§ Problem description: From the listing below, restate word for word the lines from the line containing "Building Photo - Light-Filled" down through the line containing "In einem auto". Exclude pictures.

§ Data for the task:
+--

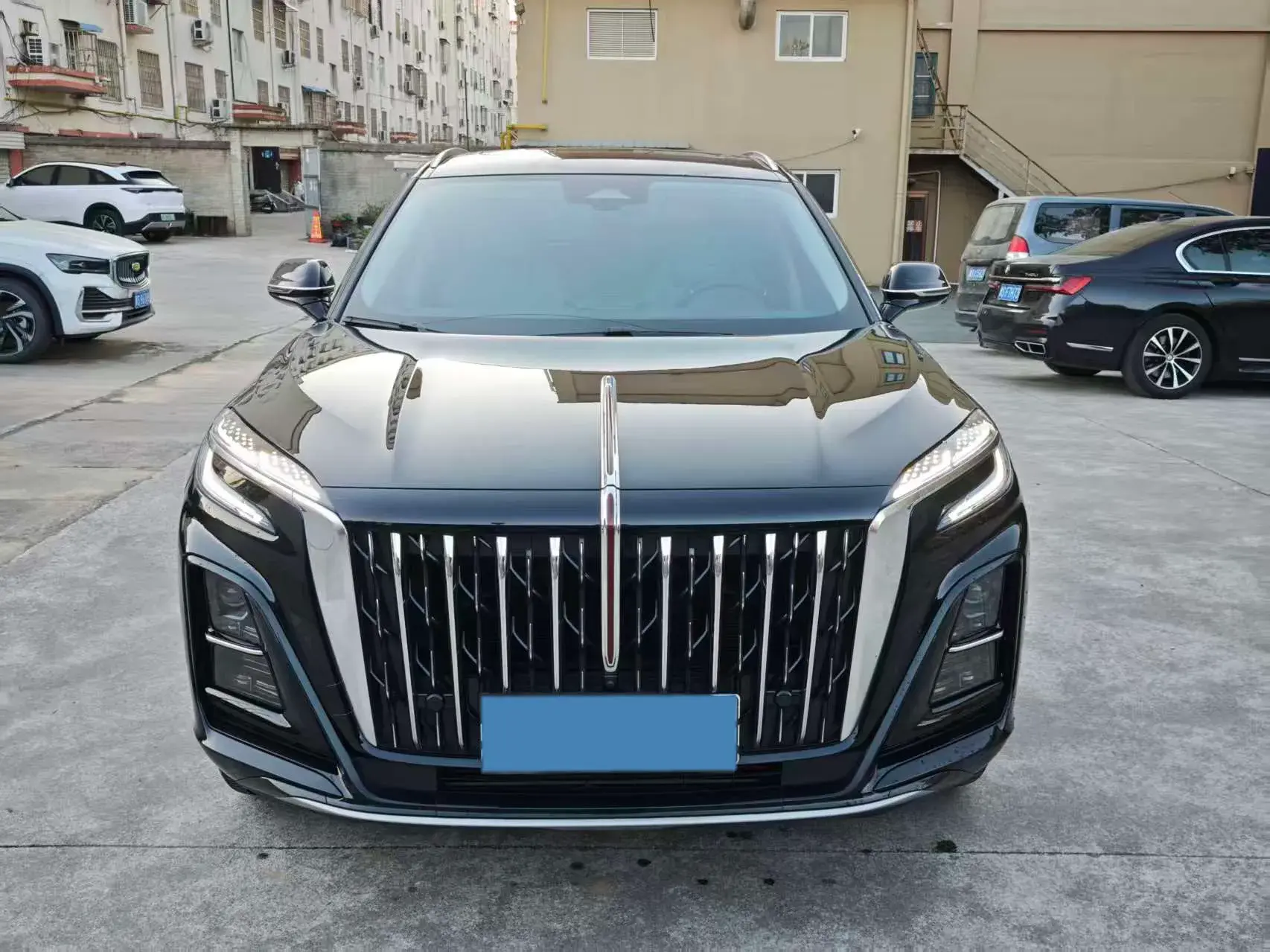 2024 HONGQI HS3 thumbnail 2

+--

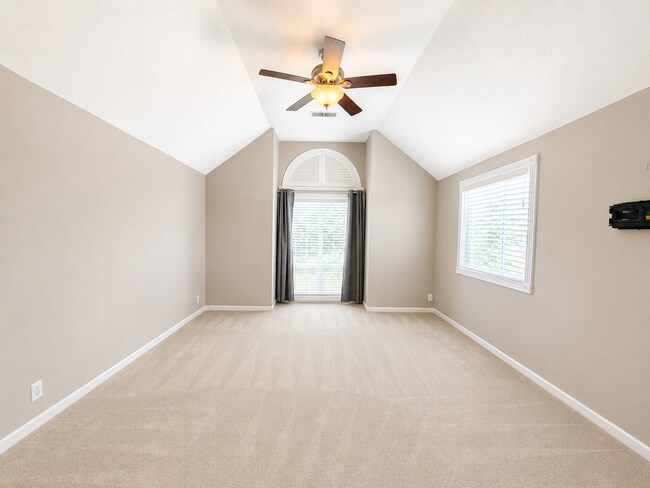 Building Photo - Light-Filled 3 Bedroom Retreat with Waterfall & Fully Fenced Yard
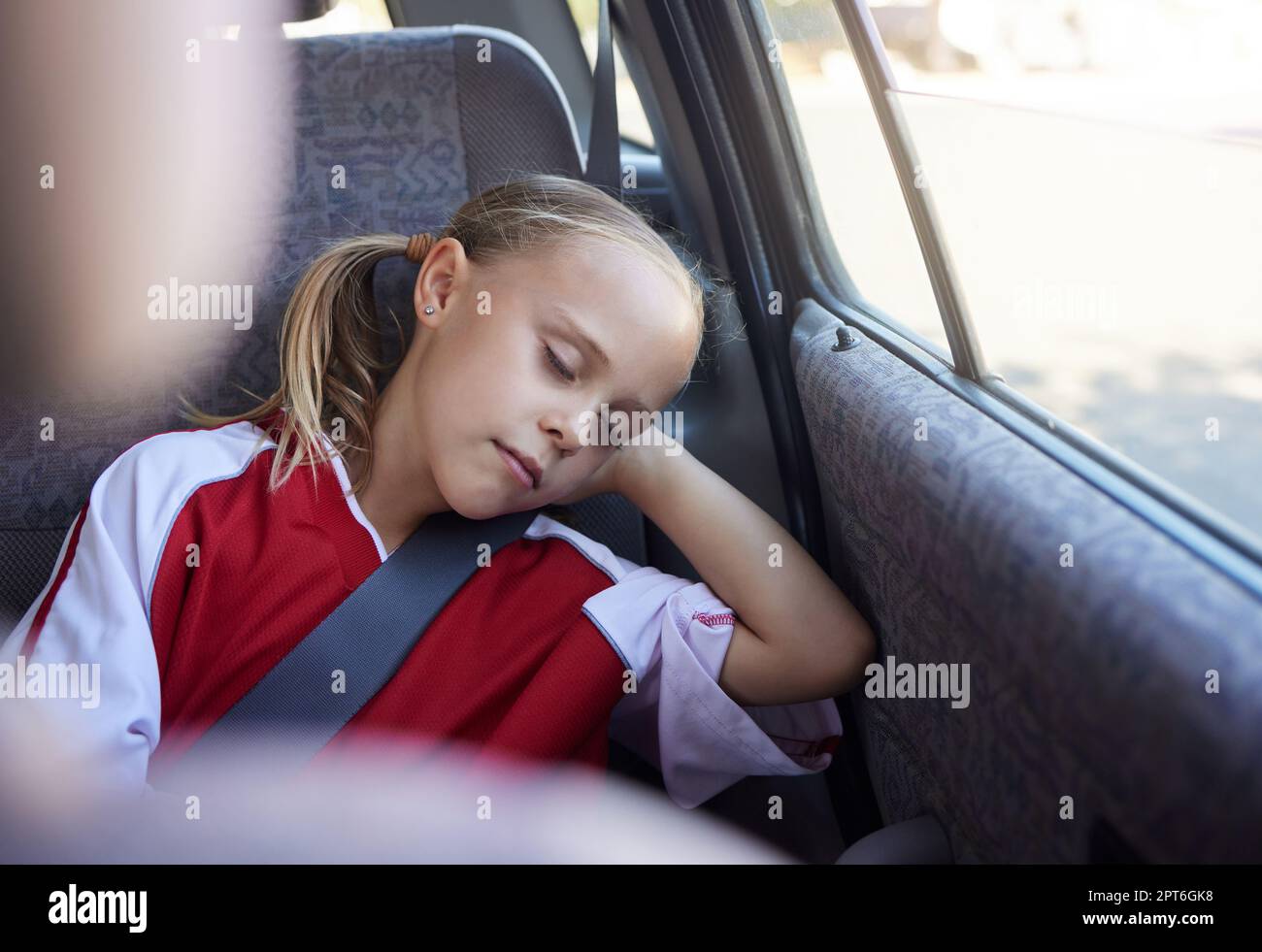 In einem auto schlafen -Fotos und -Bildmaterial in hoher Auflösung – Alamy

+--

§ Solution to this exercise:
 Building Photo - Light-Filled 3 Bedroom Retreat with Waterfall & Fully Fenced Yard
 In einem auto schlafen -Fotos und -Bildmaterial in hoher Auflösung – Alamy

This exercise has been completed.